Characterizing extreme climate events at different time scales and their contributions to agricultural drought and flooding areas
摘要
Climate change is intensifying regional hydroclimatic extremes, yet systematic understanding of their multi-scale impacts on agricultural water disasters remains limited, particularly regarding critical crop growth stages in key production zones. This study employed Modified Mann–Kendall (MMK) trend analysis, correlation analysis, and random forest (RF) models to investigate the climate extremes in Hunan Province of China over 1961–2020 at various time scales (seasonal, hydrological, and crop-growing seasonal scales) and their contributions to agricultural water disasters.

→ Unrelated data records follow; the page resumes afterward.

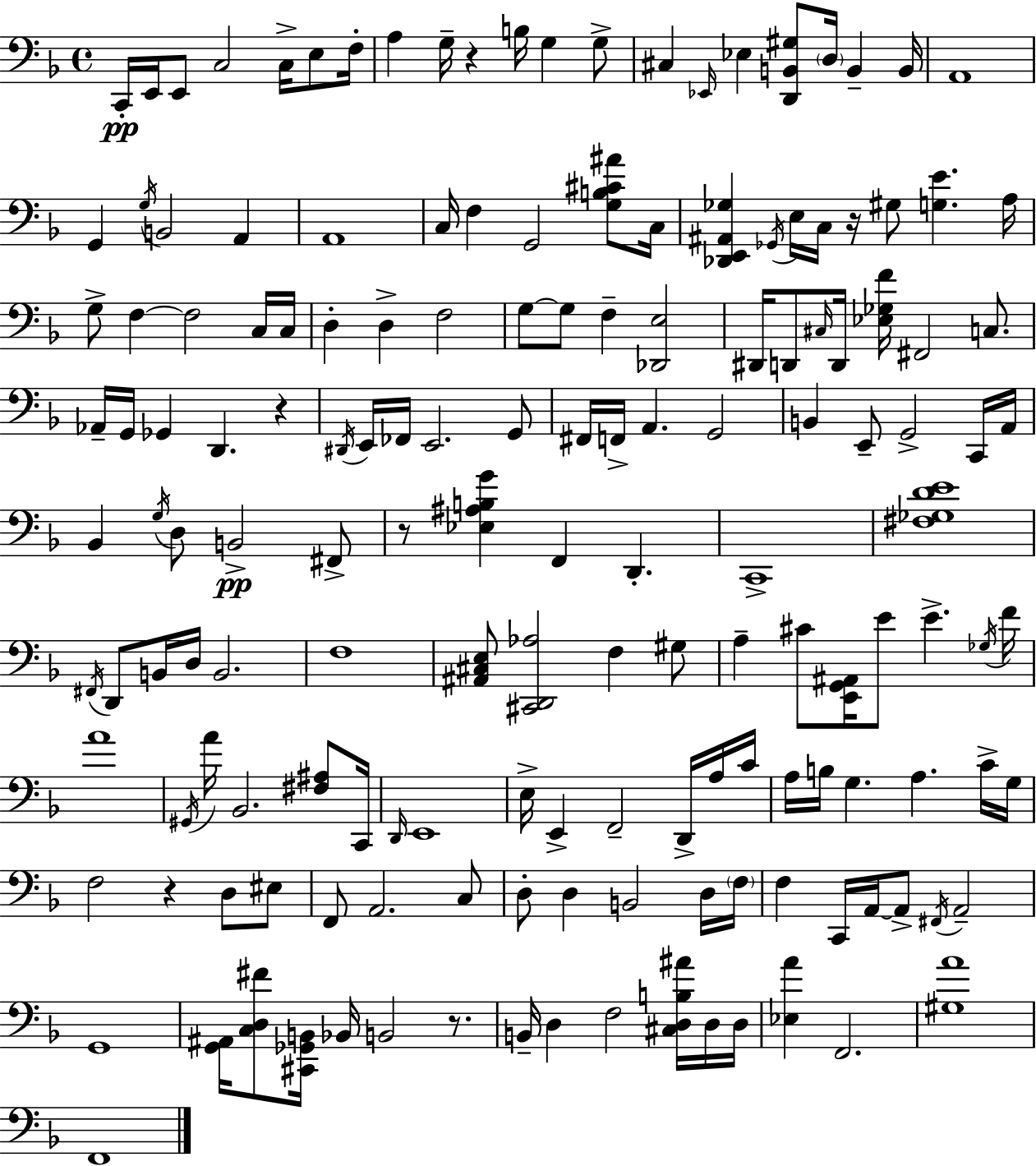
X:1
T:Untitled
M:4/4
L:1/4
K:F
C,,/4 E,,/4 E,,/2 C,2 C,/4 E,/2 F,/4 A, G,/4 z B,/4 G, G,/2 ^C, _E,,/4 _E, [D,,B,,^G,]/2 D,/4 B,, B,,/4 A,,4 G,, G,/4 B,,2 A,, A,,4 C,/4 F, G,,2 [G,B,^C^A]/2 C,/4 [_D,,E,,^A,,_G,] _G,,/4 E,/4 C,/4 z/4 ^G,/2 [G,E] A,/4 G,/2 F, F,2 C,/4 C,/4 D, D, F,2 G,/2 G,/2 F, [_D,,E,]2 ^D,,/4 D,,/2 ^C,/4 D,,/4 [_E,_G,F]/4 ^F,,2 C,/2 _A,,/4 G,,/4 _G,, D,, z ^D,,/4 E,,/4 _F,,/4 E,,2 G,,/2 ^F,,/4 F,,/4 A,, G,,2 B,, E,,/2 G,,2 C,,/4 A,,/4 _B,, G,/4 D,/2 B,,2 ^F,,/2 z/2 [_E,^A,B,G] F,, D,, C,,4 [^F,_G,DE]4 ^F,,/4 D,,/2 B,,/4 D,/4 B,,2 F,4 [^A,,^C,E,]/2 [^C,,D,,_A,]2 F, ^G,/2 A, ^C/2 [E,,G,,^A,,]/4 E/2 E _G,/4 F/4 A4 ^G,,/4 A/4 _B,,2 [^F,^A,]/2 C,,/4 D,,/4 E,,4 E,/4 E,, F,,2 D,,/4 A,/4 C/4 A,/4 B,/4 G, A, C/4 G,/4 F,2 z D,/2 ^E,/2 F,,/2 A,,2 C,/2 D,/2 D, B,,2 D,/4 F,/4 F, C,,/4 A,,/4 A,,/2 ^F,,/4 A,,2 G,,4 [G,,^A,,]/4 [C,D,^F]/2 [^C,,_G,,B,,]/4 _B,,/4 B,,2 z/2 B,,/4 D, F,2 [^C,D,B,^A]/4 D,/4 D,/4 [_E,A] F,,2 [^G,A]4 F,,4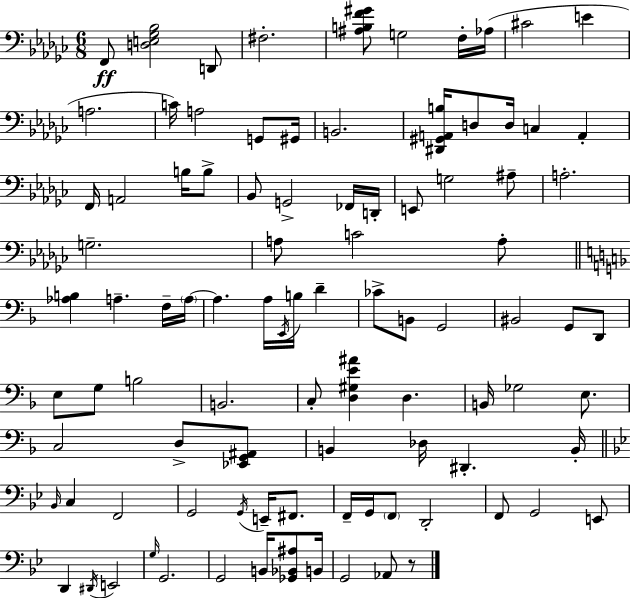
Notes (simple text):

F2/e [D3,E3,Gb3,Bb3]/h D2/e F#3/h. [A#3,B3,F4,G#4]/e G3/h F3/s Ab3/s C#4/h E4/q A3/h. C4/s A3/h G2/e G#2/s B2/h. [D#2,G#2,A2,B3]/s D3/e D3/s C3/q A2/q F2/s A2/h B3/s B3/e Bb2/e G2/h FES2/s D2/s E2/e G3/h A#3/e A3/h. G3/h. A3/e C4/h A3/e [Ab3,B3]/q A3/q. F3/s A3/s A3/q. A3/s E2/s B3/s D4/q CES4/e B2/e G2/h BIS2/h G2/e D2/e E3/e G3/e B3/h B2/h. C3/e [D3,G#3,E4,A#4]/q D3/q. B2/s Gb3/h E3/e. C3/h D3/e [Eb2,G2,A#2]/e B2/q Db3/s D#2/q. B2/s Bb2/s C3/q F2/h G2/h G2/s E2/s F#2/e. F2/s G2/s F2/e D2/h F2/e G2/h E2/e D2/q D#2/s E2/h G3/s G2/h. G2/h B2/s [Gb2,Bb2,A#3]/e B2/s G2/h Ab2/e R/e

Results indicate that precipitation decreased in spring (March–May) and autumn seasons (September–November) (significant in 3.7% stations) but increased at 96.6% of stations in summer (June–August) and winter (December-February). Temperature extremes shifted toward warm events, with Warm days (TX90p)/ summer days (SU) increasing and cold nights (TN10p)/ frost days (FD) decreasing at more than 92.6% stations. Hydrologically, heavy rainfall days (R50) surged in 77.8% stations across flood-seasons (April-September) but decreased in 92.6% stations across non-flood (October–March) seasons. The temperature indicators (especially extreme heat events) generally increased. Crop-growing-seasonal analyses showed R50 increased during rice (April-August) and rapeseed (September-May) seasons (77.8% and 88.0%, respectively). The lake districts experienced greater trends of heavy rainfall and warming than non-lake districts. The correlations between climate indicators and the agricultural water disaster-affected areas were most significant during the rice-growing season, especially for precipitation (r = − 0.58 for drought and r = 0.62 for flood), R50 (− 0.55 drought and 0.62 flood) and TX90p (0.39 drought and − 0.37 flood). RF modeling indicated that Tm (mean temperature) and CDD (consecutive dry days) were dominant cross-temporal climatic factors, and precipitation best explained the variations in autumn/rapeseed-season flood. Mechanistically, droughts were temperature-dependent (Tm, maximum temperature, minimum temperature) while floods were correlated with precipitation and extreme temperature events (TX90p, TN10p). These results can provide valuable guidance for climatic disaster reduction in critical zones.